Mitsubishi Alone in Price-Fixing Case

     SAN FRANCISCO (CN) – A federal judge certified a class of “direct purchasers” in a worldwide antitrust case that claims Mitsubishi conspired to corner the market on cathode-ray tubes.
     Mitsubishi is the sole remaining defendant in the 8-year old case against multiple defendants, which once included Toshiba, Hitachi, Samsung, Matsushita Industrial Electrical, Chunghwa Picture Tubes and others.
     Most settled: Samsung for $33 million, LG for $25 million and Hitachi for $13.4 million.
     Cathode ray tubes, or CRTs, were the picture screens of the original televisions. They are vacuum tubes with an electron gun in back that shoots rays across a fluorescent-backed, glass screen to produce images.
     The technology became obsolete with the advent of liquid crystal and plasma display panels, but prices on the tubes remained steady, raising suspicions that prices were being fixed.
     Dozens of lawsuits were filed after the European Commission announced on Nov. 8, 2007 that it was investigating whether there was a worldwide conspiracy.
     The lawsuits evolved into two classes: indirect purchasers, who bought products containing the tubes; and direct purchasers, who bought the tubes alone.
     “Defendants’ conspiracy was intended to, and did, moderate the downward price pressures of CRT products caused by the market entry and rapid penetration of more technologically advanced competitive products,” according to the original 2007 class action.
     U.S. District Judge Samuel Conti certified the direct purchaser group against Mitsubishi on Wednesday.
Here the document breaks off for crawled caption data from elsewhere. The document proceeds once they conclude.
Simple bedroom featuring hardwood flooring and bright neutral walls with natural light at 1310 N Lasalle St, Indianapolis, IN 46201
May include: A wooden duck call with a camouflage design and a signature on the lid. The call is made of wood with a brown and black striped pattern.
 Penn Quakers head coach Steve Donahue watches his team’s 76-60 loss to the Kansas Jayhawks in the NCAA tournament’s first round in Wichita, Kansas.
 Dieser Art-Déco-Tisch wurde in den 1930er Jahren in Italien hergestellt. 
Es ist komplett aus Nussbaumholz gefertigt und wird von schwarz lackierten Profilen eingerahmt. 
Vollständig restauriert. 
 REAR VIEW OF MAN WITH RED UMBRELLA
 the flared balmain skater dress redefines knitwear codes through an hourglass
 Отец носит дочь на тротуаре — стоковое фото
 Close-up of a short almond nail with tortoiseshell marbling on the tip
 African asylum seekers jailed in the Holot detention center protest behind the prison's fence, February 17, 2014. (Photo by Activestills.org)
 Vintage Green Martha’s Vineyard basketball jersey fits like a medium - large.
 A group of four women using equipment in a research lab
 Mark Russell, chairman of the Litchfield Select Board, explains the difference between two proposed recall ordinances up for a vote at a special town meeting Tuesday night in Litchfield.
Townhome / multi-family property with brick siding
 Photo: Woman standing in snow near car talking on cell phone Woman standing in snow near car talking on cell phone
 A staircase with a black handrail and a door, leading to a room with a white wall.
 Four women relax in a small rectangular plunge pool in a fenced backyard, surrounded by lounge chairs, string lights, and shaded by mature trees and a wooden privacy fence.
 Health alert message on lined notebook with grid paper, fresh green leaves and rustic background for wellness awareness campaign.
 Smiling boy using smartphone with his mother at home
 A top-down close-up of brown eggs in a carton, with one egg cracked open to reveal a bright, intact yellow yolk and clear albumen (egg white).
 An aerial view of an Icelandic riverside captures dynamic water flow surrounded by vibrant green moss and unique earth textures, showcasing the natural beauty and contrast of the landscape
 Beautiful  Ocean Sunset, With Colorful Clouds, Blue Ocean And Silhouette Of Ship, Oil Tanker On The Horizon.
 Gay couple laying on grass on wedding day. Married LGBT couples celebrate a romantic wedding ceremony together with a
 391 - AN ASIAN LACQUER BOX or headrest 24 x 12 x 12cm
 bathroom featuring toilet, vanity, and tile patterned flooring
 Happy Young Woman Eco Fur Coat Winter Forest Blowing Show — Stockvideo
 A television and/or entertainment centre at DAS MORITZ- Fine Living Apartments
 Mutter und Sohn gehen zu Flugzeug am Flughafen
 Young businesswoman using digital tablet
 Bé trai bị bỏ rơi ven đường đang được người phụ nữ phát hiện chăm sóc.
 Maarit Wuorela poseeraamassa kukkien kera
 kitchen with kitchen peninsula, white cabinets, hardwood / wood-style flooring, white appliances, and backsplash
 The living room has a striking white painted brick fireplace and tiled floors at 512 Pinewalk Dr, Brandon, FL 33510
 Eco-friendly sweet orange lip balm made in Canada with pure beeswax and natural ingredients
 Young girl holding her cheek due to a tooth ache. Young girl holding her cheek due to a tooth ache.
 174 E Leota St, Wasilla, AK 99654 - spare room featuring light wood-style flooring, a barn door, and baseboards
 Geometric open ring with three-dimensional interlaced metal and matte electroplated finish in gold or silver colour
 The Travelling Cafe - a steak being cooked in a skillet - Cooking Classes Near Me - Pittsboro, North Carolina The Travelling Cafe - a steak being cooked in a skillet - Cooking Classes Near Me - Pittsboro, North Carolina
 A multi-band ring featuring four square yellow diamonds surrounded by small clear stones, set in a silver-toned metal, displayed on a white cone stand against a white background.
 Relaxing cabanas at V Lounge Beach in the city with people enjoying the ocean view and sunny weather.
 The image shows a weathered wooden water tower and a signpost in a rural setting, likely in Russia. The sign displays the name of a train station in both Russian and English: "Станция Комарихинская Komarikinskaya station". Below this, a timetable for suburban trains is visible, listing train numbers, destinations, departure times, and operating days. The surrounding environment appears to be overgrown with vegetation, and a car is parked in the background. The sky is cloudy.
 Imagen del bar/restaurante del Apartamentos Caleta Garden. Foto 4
     Conti cited an extensive, sealed report by direct purchaser class expert Jeffrey Leitzinger, an economist and managing director at Econ One Research, an research and consulting firm.
     He noted that Mitsubishi did not submit an expert report of its own in response to the Leitzinger report, and that the company “did not necessarily oppose the conspiracy prong,” but did dispute the impact and damages prongs required for class certification in an antitrust case.
     “In this case, Dr. Leitzinger reviewed evidence of the alleged conspiracy and then formed an opinion that there is evidence common to members of the proposed class that is sufficient to prove widespread impact,” Conti wrote in a 50-page order.
     Conti said that Leitzinger could successfully calculate classwide overcharges for the damages prong.
     “He [Leitzinger] could take the CRT sales data and calculate sales by defendants and co-conspirators to class members for each year, and then apply the overcharge percentages for each type of CRT per year to get the overcharge amount associated with each type of CRT each year,” Conti ruled. “In the same manner, he could compute the damages to purchasers of CRT finished products. To do so, Dr. Leitzinger would calculate the average annual dollar overcharge for a given CRT and multiply it by the corresponding units of CRT finished product sales for the class members. Adding totals across products over time would yield the total damages.”
     Conti concluded that “upon completion of a ‘rigorous analysis’ of the required elements of class certification, for good cause shown, the court finds that all the threshold and minimum requirements … have been met.”
     Conti granted the class 30 days to amend the complaint for the sole purpose of specifically identifying the Mitsubishi affiliates and class members, for notification.
     A call to class attorneys Guido and R. Alexander Saveri of Saveri & Saveri, in San Francisco, was not immediately returned.
     Mitsubishi attorney Brent Caslin of Jenner & block, in Los Angeles, could not be reached for comment.